▶ [Requirement] Output must match the data below exactly from its first line through the line that contains "Laden Sie das", with no other line.

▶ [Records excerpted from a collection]

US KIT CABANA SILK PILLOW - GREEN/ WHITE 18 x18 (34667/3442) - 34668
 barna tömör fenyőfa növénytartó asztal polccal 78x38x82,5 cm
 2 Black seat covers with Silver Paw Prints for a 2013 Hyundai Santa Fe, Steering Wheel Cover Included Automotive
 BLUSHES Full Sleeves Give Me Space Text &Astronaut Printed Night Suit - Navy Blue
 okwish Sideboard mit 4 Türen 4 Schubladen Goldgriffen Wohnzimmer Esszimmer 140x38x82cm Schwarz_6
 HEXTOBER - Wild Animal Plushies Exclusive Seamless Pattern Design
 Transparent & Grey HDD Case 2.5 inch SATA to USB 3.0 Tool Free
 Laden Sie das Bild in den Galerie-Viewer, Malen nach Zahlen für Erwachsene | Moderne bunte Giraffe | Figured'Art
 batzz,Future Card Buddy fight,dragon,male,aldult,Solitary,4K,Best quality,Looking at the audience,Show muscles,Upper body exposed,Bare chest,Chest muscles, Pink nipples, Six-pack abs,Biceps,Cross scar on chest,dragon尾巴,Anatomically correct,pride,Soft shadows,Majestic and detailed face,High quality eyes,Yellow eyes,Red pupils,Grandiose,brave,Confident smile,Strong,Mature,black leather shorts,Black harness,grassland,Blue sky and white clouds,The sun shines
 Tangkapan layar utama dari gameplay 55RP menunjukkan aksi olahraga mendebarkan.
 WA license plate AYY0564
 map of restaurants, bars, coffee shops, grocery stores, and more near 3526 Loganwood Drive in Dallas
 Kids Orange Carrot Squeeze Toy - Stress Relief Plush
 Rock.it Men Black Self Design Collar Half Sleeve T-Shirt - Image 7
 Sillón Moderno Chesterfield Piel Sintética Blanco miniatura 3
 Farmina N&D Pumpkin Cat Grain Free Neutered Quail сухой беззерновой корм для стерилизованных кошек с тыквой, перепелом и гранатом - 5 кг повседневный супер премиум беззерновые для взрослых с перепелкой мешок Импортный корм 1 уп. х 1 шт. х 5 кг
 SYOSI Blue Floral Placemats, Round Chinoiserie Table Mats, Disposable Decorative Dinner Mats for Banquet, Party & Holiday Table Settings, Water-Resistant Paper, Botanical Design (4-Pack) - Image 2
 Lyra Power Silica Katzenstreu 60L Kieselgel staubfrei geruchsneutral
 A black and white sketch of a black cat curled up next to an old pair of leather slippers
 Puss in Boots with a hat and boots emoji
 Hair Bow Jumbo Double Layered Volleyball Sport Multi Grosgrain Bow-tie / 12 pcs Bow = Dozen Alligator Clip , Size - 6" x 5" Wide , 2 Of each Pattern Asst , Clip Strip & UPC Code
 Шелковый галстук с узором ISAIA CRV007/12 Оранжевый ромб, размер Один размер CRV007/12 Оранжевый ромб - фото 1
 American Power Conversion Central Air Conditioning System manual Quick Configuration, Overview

▶ [Answer below]
US KIT CABANA SILK PILLOW - GREEN/ WHITE 18 x18 (34667/3442) - 34668
 barna tömör fenyőfa növénytartó asztal polccal 78x38x82,5 cm
 2 Black seat covers with Silver Paw Prints for a 2013 Hyundai Santa Fe, Steering Wheel Cover Included Automotive
 BLUSHES Full Sleeves Give Me Space Text &Astronaut Printed Night Suit - Navy Blue
 okwish Sideboard mit 4 Türen 4 Schubladen Goldgriffen Wohnzimmer Esszimmer 140x38x82cm Schwarz_6
 HEXTOBER - Wild Animal Plushies Exclusive Seamless Pattern Design
 Transparent & Grey HDD Case 2.5 inch SATA to USB 3.0 Tool Free
 Laden Sie das Bild in den Galerie-Viewer, Malen nach Zahlen für Erwachsene | Moderne bunte Giraffe | Figured'Art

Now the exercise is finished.